The fact that we are using an advanced audio API also enables us to add various other effects to other pieces of audio. However we soon found that we needed to be sensible with our audio design, since convolutions with the Web Audio API does take a up a fair amount of CPU. During a development error, a unique convolution was used for each sound, this was found to start failing at around the 14th.
We also made use of audio filters, for example the radio podcast uses a high-pass filter applied to it which makes it sound ‘tinny’, another example is when Harriet opens the her apartment door at the start we apply both filters and faders. The Web Audio API uses a node based approach which means that you can feed the results of one effect into the next so we can apply filters, faders and convolutions to any audio source. To achieve all of this we made heavy use of Web Audio API’s AudioParam which allows nearly any attribute to be changed using handy linear transform effects – we used this to fade in and out, or cross-fade between filtered and unfiltered outputs.
So the Web Audio API version applies filters, faders and convolutions to the audio whereas the standard HTML5 audio versions do not. That’s not to say that given enough time we couldn’t have achieved the same effect using the Audio Data API included in Firefox. But since the new audio standard is slated to be largely based on the Web Audio API it was decided for the purposes of this demo to concentrate our energy in this area.
Once we’d got the core of the functionality working, we set to work on creating a control panel to allow us to tweak every single one of the volumes, filters, faders and convolutions.
We wanted to be able to demonstrate to editors of audio how we could tweak pace, reverb and sound-effects in real-time and although requiring a complete code re-factor we hope that the fact that the whole thing is pretty-much customisable makes this a powerful demo and will be useful to others as well as ourselves who are dabbling in this area.
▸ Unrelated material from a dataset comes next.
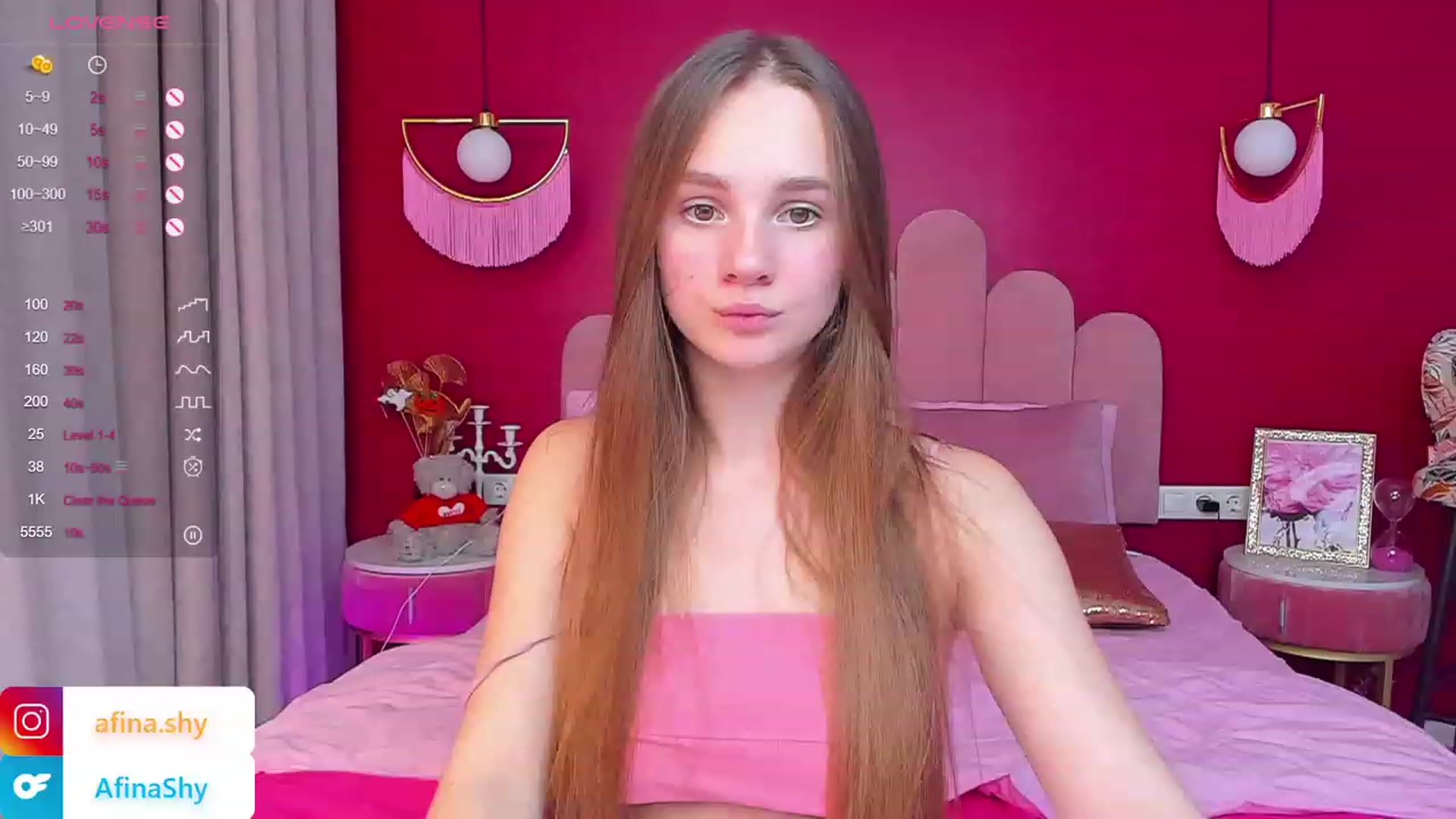 Gallery image thumbnail from AfinaShy's myfreecams stream on, 11/07/2023, 18:44 image 4 of 20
So this is a good time to mention that all the source-code is open source and that you can grab it from the following GitHub location https://github.com/happyworm/PerceptiveMedia.
I think this was definitely an interesting and worthwhile experiment. However as its aim was to be subtle, it purposely does not make immediately clear the potential of the technology. Technically what we are able to achieve turned out to be a kind of audio framework to allow the ability to create and tweak audio as it’s being played. This is useful to producers of audio to see how effects and timings can alter the experience and is especially useful for applications such as games where perhaps you want to give your sound-effects context. I also feel that these techniques could be used for applications such as dynamic story-telling. My daughter — all too often — asks me to tell her a story featuring robots, dinosaurs and goblins and all too often I fall back on the same old principles and formulas of children’s story-telling, the rule of three and so on. Post happy-ever-after she often wants me to add to the story, getting me to fill-in or clarify some of the details. It’s not a huge stretch to imagine that we could create dynamic storytelling applications for kids. A pinch of AI here, some personalisation there and a heavy dose of randomness might just be enough to keep them happy for a bit.
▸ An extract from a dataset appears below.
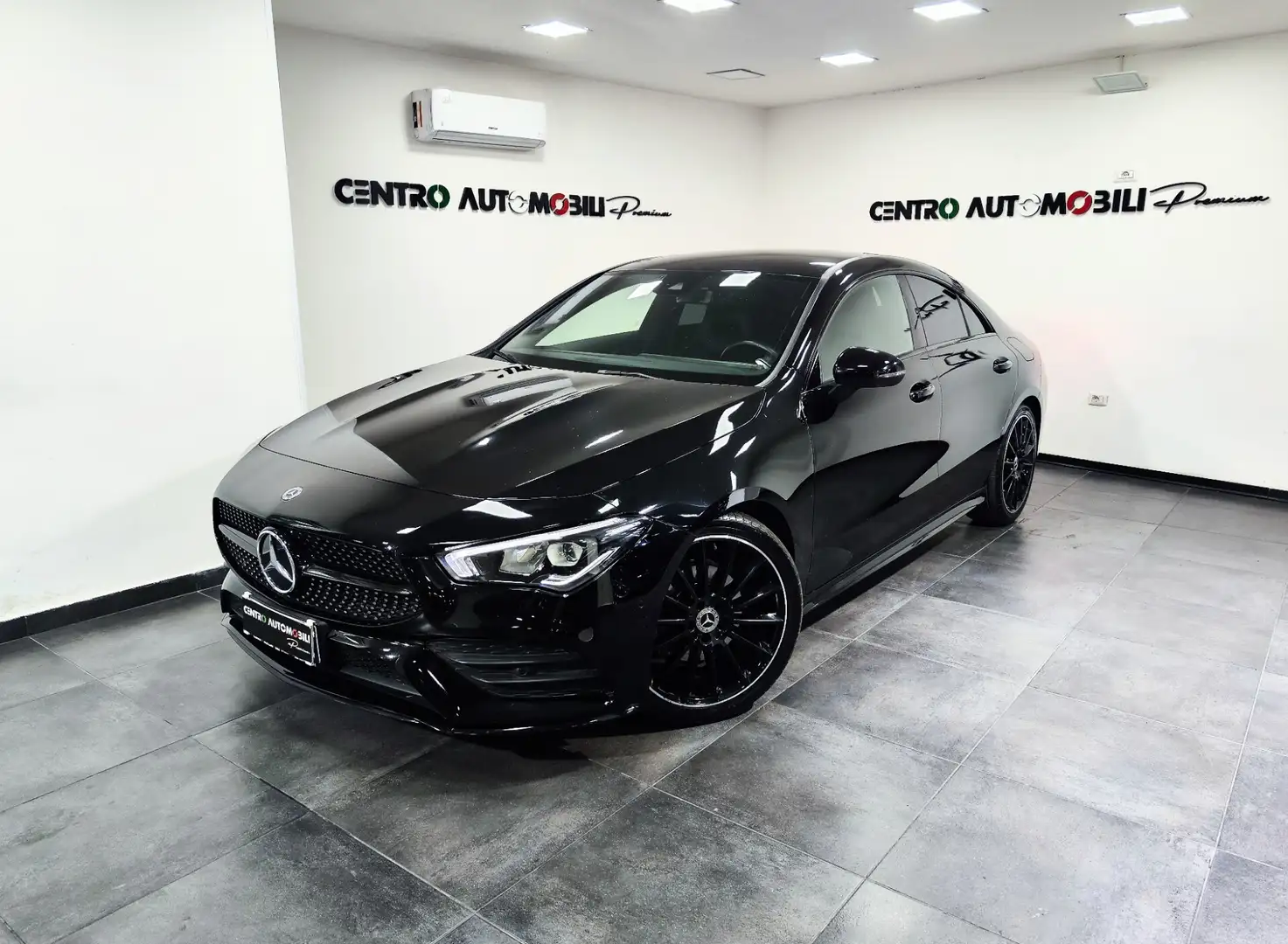 Mercedes-Benz CLA 180 CLA 180 d Automatic Premium FULL Noir - 1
So there we have it, one small step closer to the old Star Trek computer (Did Doctor Who’s have a voice interface? I forget). We’ve already seen the application of voice input with software such as Siri. It shouldn’t be too much longer until audio interfaces start to become common-place, with so much current emphasis on the visual I think this could be quite refreshing.
Question. What’s harder to debug than an intermittent bug? Answer. An intermittent bug that only manifests itself when you deploy to the server. Crazy I know and totally unexpected to us and for this reason you may see issues when running on Firefox (but not Opera). Being supporters of both Mozilla and Firefox we were much dismayed by this bug and spent a significant amount of time trying to get to the bottom of it. Unfortunately due to its nature we were only able to put in a loose bug-report If anybody wants to help us solve this issue please feel free to take a look, even if it’s just to download the application from GitHub and verify that it works locally for you.
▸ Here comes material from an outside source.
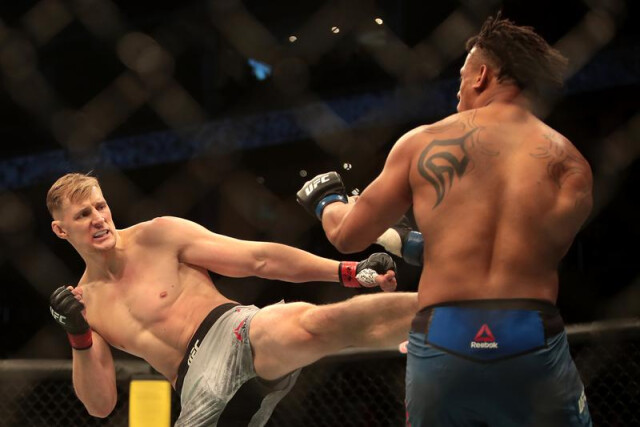 Олег Тактаров сделал прогноз на бой UFC Александр Волков — Том Аспиналл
Thanks then to Ian Forrester and Tony Churnside for the opportunity to work with them and their team at BBC R&D, also of course Sarah Glenister for the excellent script and Angie Chan for the great artwork. Jussi Kalliokoski for helping us work with AudioLib.js But most of all I want to thank my colleague Mark Panaghiston for working tirelessly behind the scenes not only on the significantly challenging audio aspects of the project but also go above and beyond in integrating the visual aspects and even sourcing and setting up the hosting.
Writing for Perceptive Media
Illustrations for BBC R&D’s Perceptive Media Demo: Breaking Out
What is Perceptive Media?
BBC demonstrates revolutionary ‘perceptive media’
Perceptive Media Launch at Social Media Cafe Manchester
The BBC unveils its first ‘Perceptive Media’ experiment – and you can try it now
What is Perceptive Media?
This year has run contrary to previous years of my life in the sense that it seems to have lasted much longer than the year before. This may have something to do with a small addition to the family that arrived in March and the consequent ramping up of waking hours, but I prefer to think it’s because things are moving so quickly in that wonderful place we call the worldwide web, that it seems that too much has happened to compress into a year.
A few months later I was introduced to and became involved with something known as Hyperaudio and was given the opportunity to create a couple of proof-of-concept demos : Denmark Radio’s Hyperdisken Demo and the Radiolab/Soundcloud collaboration ( a shout-out to Henrik Moltke for doing much of the groundwork for these demos and my colleagues at Happyworm without which they just wouldn’t have been possible).
Further on through the arc of this epic year, I took part in the Mozilla Knight Journalism challenge where I was encouraged to research and blog some ideas on a tool I called the Hyperaudio Pad. Happily I was flown over to Berlin with other like minded MoJo peeps, for a week of intense discussion, collaboration and hacking and managed to get the first semblance of an actual product out of the door.
Which brings me in a round-about way to this year’s Mozilla Festival, where I will again be demoing and chatting about the coupling of text and media and the other things that Hyperaudio is (or could be) about. This all at the Science Fair on Friday, 4th of November and a Hyperaudio Workshop / Design Challenge on Saturday, 5th.
The Science Fair will be all about demos, chatting to people interested in the general Hyperaudio concept and making sure I don’t spill my drink over my laptop. Meanwhile in the workshop we hope to put the Hyperaudio Pad through it’s paces and actually make something with it, while gathering ideas and maybe hacking on some of them into the bargain. It should be a fun mix of hacks, hackers, designers, audio buffs and basically anybody curious enough to be involved. The session will be fairly free flow but the plan so far is to:
- Briefly chat about and demo the Hyperaudio concept, what it can do and with whom we can collaborate.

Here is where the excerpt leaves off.